In 2009, POGO published The Art of Congressional Oversight: A User's Guide to Doing It Right, which is a guide geared towards congressional staffers; an updated second edition was published in 2015.

== Awards ==
In 2009, POGO received the Society of Professional Journalists' Sunshine Award for its work uncovering wasteful spending in the Air Force, investigating the Minerals Management Service at the Department of the Interior, and compiling the Federal Contractor Misconduct Database.

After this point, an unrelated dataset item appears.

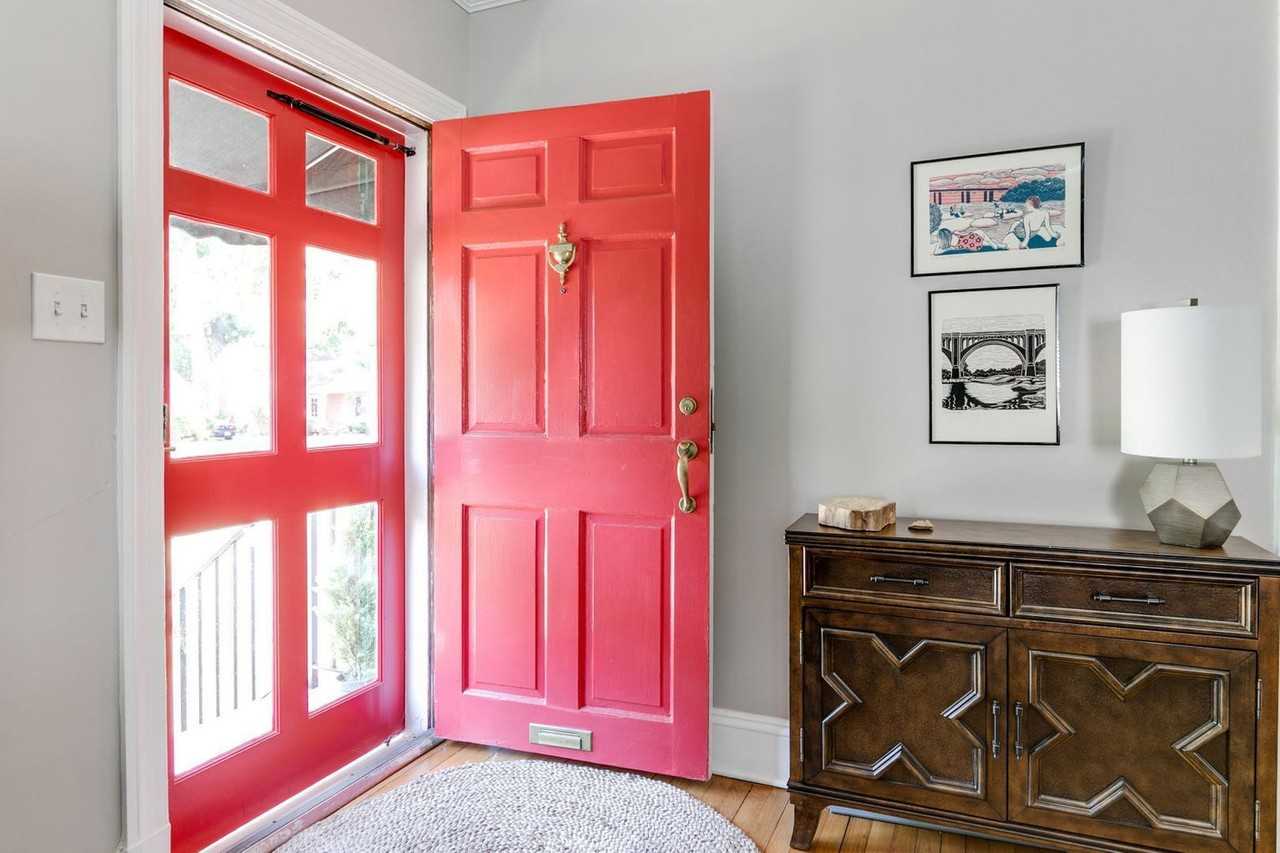 5000 Bromley Ln - Photo 5 of 50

In 2015, POGO received five awards from the Washington, DC, chapter of the Society of Professional Journalists. POGO won the Non-breaking News Award for its coverage of issues at the Department of Veterans' Affairs; two Investigative Reporting Awards for its coverage of the revolving door in government and problems at the Department of Justice; the Series award also for its coverage of the revolving door; and the Robert D.G. Lewis Watchdog Award also for its coverage of the Department of Justice.